The number one thing to do is make sure the saw is unplugged, above all else. Next is locating the spanner wrenches that come with the saw. They've conveniently got a place for them on the underside of the main deck of the saw. Just be sure to return them there once you are done with the change out.
Here's a link to one on amazon (paid link):
DEWALT 10-Inch Miter / Table Saw Blades, 60-Tooth Crosscutting & 32-Tooth General Purpose, Combo Pack (DW3106P5):
Step 1 is to make sure you have the saw unplugged. I found a nearly brand new blade at a second hand store for $1.50 so I was perfect for ripping pallet boards. I ended up hitting a few nails with it and had to change it out again but did get it's money's worth out of it. After doing this once I was quickly able to change it out again for a new one to make some finer precision cuts for a shiplap job.
The next step in this process is to remove the kick back guard. This is done by flipping the black plastic switch on top of the guard away from you.
It is easily removable so now your table top should look like this. Set it aside for later reinstallation.
Now the yellow cover must be removed. This is done by turning the gray knob to the left.
Once the gray knob is turned to the left it will lift right off the top of the saw.
The holding nut is where you will put one of your spanner wrenches that come with the saw.
On the other side of the blade is where you will put the second spanner wrench (over the hub with flats) that comes with the saw. This holds the shaft in place so that the nut may be loosened.
Both spanner wrenches are conveniently located under the table top secured by a plastic gray nut.
The plastic gray nut just unthreads allowing the spanner wrenches to be moved.
These are what they both look like. I made a mental note to be sure to return them once I was done as they could easily be misplaced. It's nice the saw has an easily accessible designated place for them to be stored.

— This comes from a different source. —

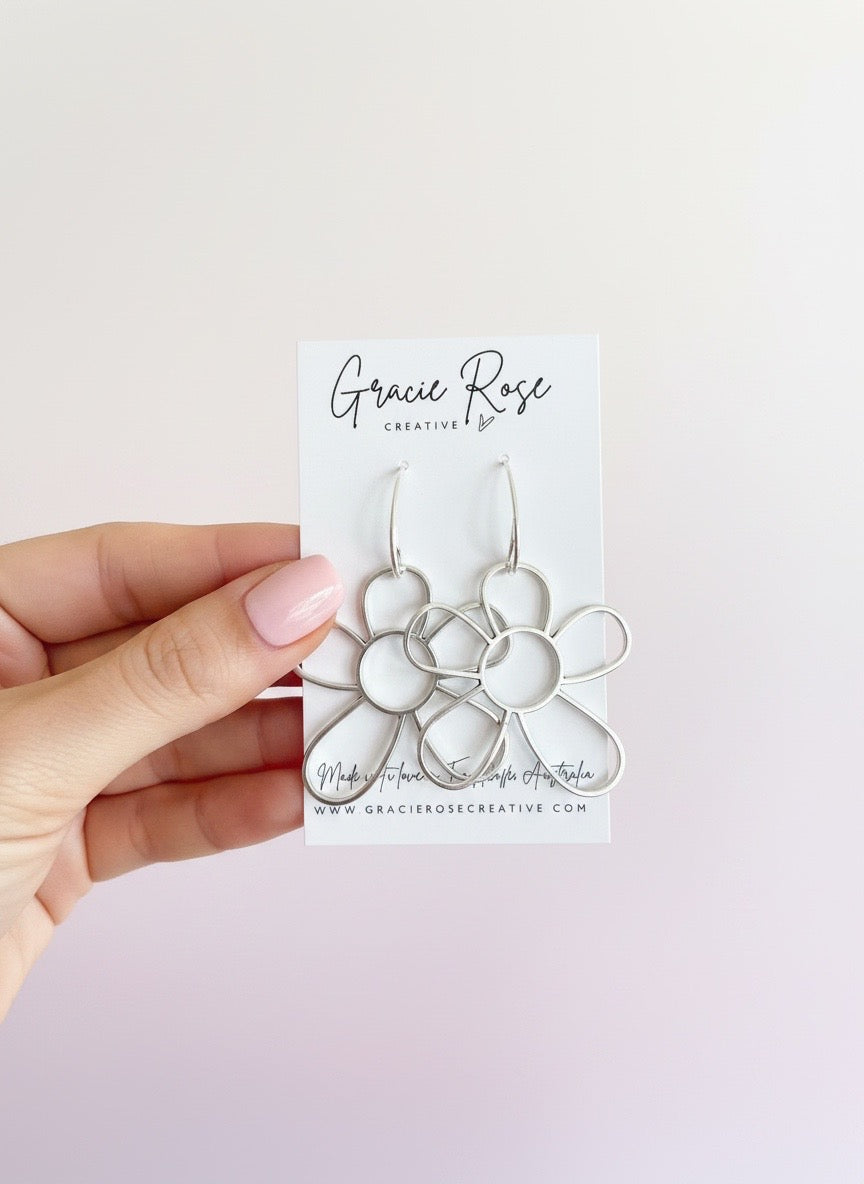 Silver Bloom Statement Earrings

The box ended wrench goes over the securing nut as shown.
With the larger spanner wrench on the hub and the smaller one on the securing nut, apply counter-torque to loosen the nut.

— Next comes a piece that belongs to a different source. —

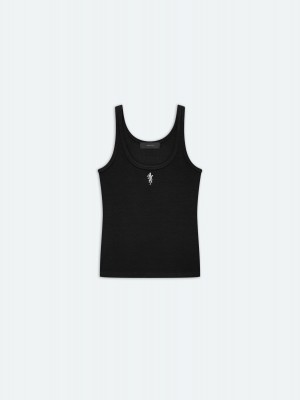 Prendas De Punto Amiri Rib Tank Mujer Negros | DQAGST-470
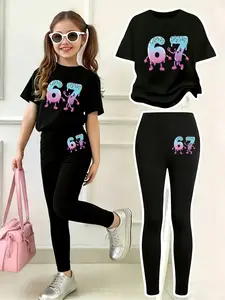 Valentine's Day, Cute Robot 67Six Seven Print, 2-Piece Girls Round Neck Short Sleeve & Bottoms Set, Ages 4-12, Clothes Kids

Once the nut is loose, removed both wrenches and unthread the nut by hand. Try not to drop it down into the sawdust catcher like I did.
It's most effective if you slow down the unthreading once you get to the end so as to allow you grab the nut without dropping it. If you happen to drop it, it's fairly easily retrievable. I just pushed it out of the sawdust slot below with one of the wrenches.

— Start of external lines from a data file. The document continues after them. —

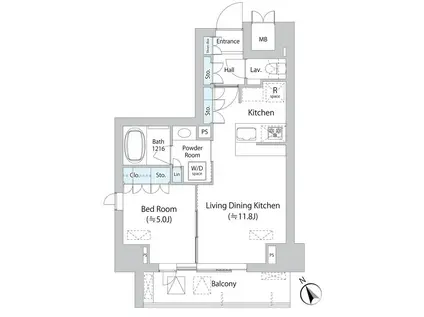 ミリアレジデンス浅草橋II(1LDK/4階)の間取り写真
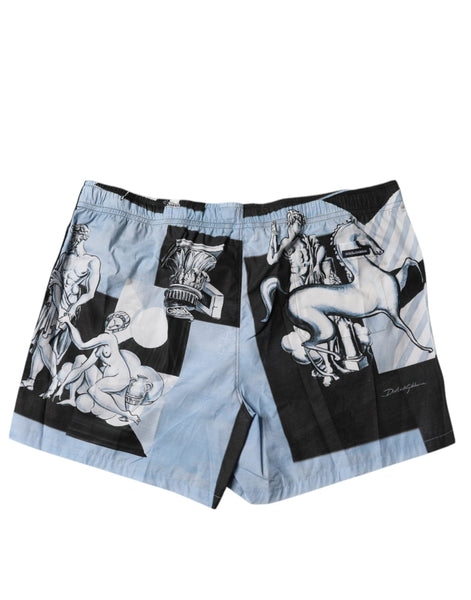 Dolce & Gabbana Blue Statue Print Cotton Mens Shorts Dolce & Gabbana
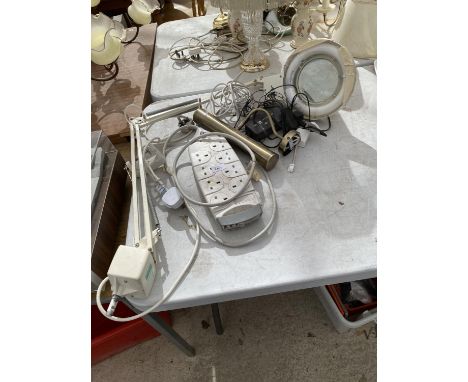 AN ANGLE POISE MAGNIFYING LAMP, PICTURE LAMP ETC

At first change out the blade acts like it doesn't want to come off. I gave it a little tap with a mallet to break the tension and it came loose with ease.
Since I was using a second hand blade with no packaging specifications for the new installation I did a dummy check and made sure the diameters were the same for both the center hub diameter and the outside diameter.
The new blade reinstallation process is exactly the same as the removal. The threads are standard righty tightly lefty loosey. The securing nut will tighten to the right (clock-wise). Once tight, install the yellow cover and kick back guard back into place.
I gave the new blade a test run and it worked like a champ. Back in business!!